**Work required**
The lines below, from the one holding "Canvas Waist Pack" through the final line, are to be copied exactly, with no other lines and no pictures.

Scraped caption text data:
▼

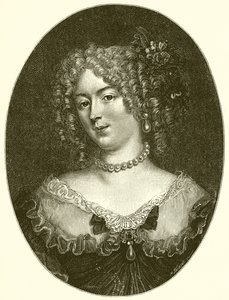 Madame de Grignanová od French School
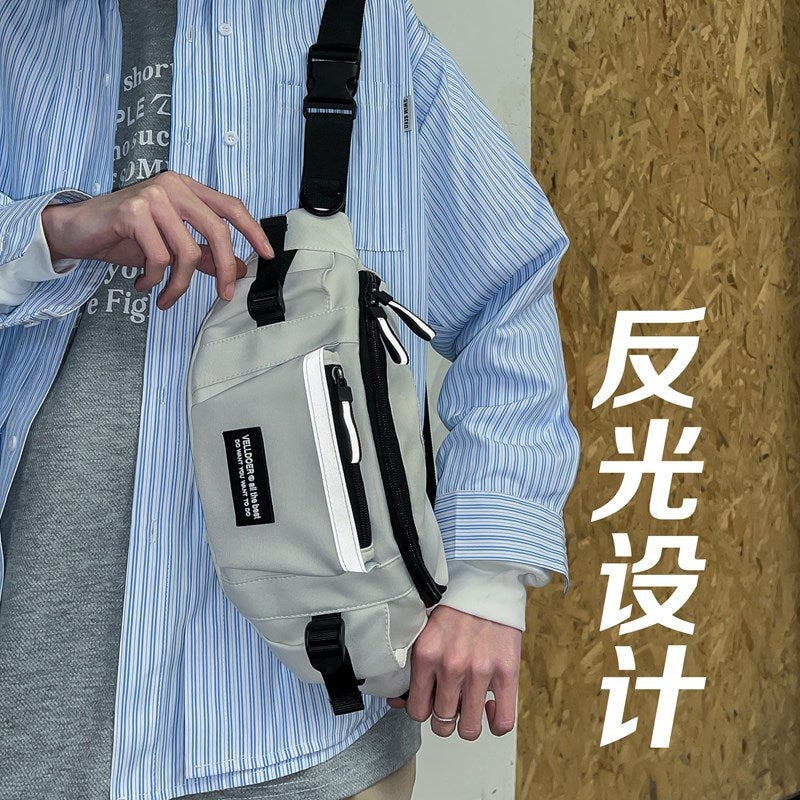 Canvas Waist Pack for Men and Women - Image 3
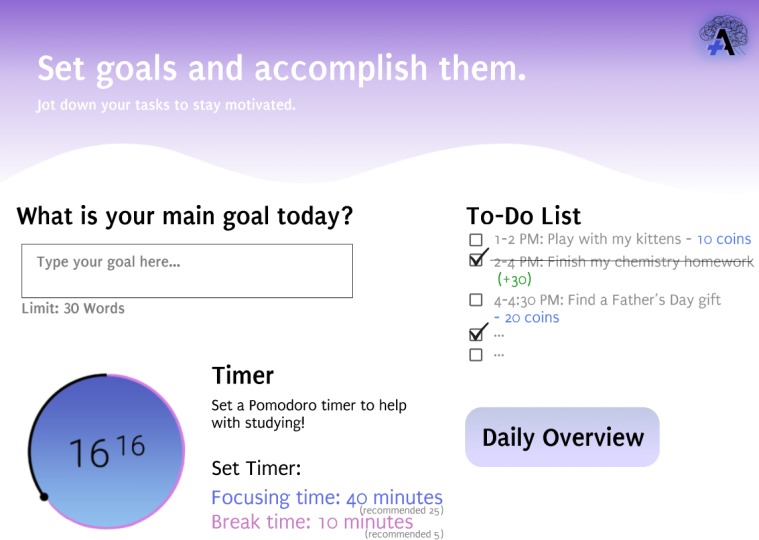 +Attention – screenshot 5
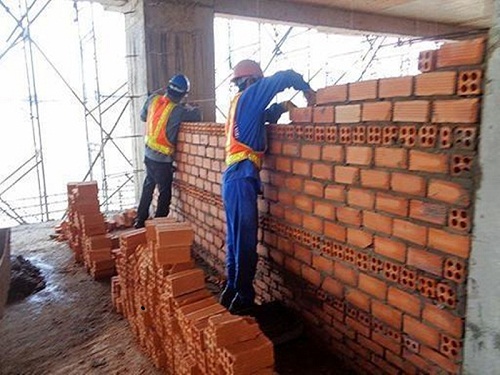 thợ xây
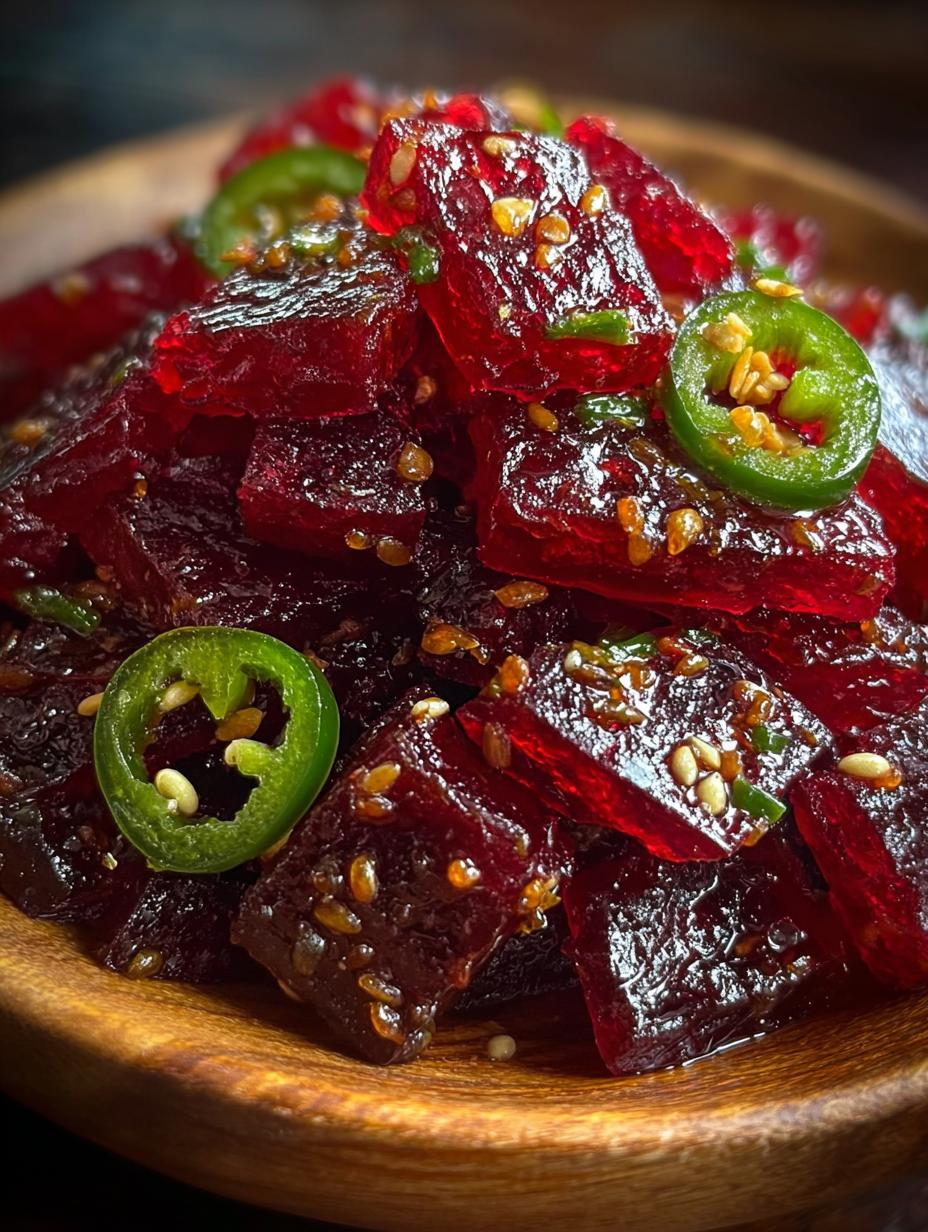 Cranberry Jalapeno Cowboy Candy: 5 Sweet & Spicy Delights - Cranberry Jalapeno Cowboy Candy - main visual representation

▲

**The completed task**
 Canvas Waist Pack for Men and Women - Image 3
 +Attention – screenshot 5
 thợ xây
 Cranberry Jalapeno Cowboy Candy: 5 Sweet & Spicy Delights - Cranberry Jalapeno Cowboy Candy - main visual representation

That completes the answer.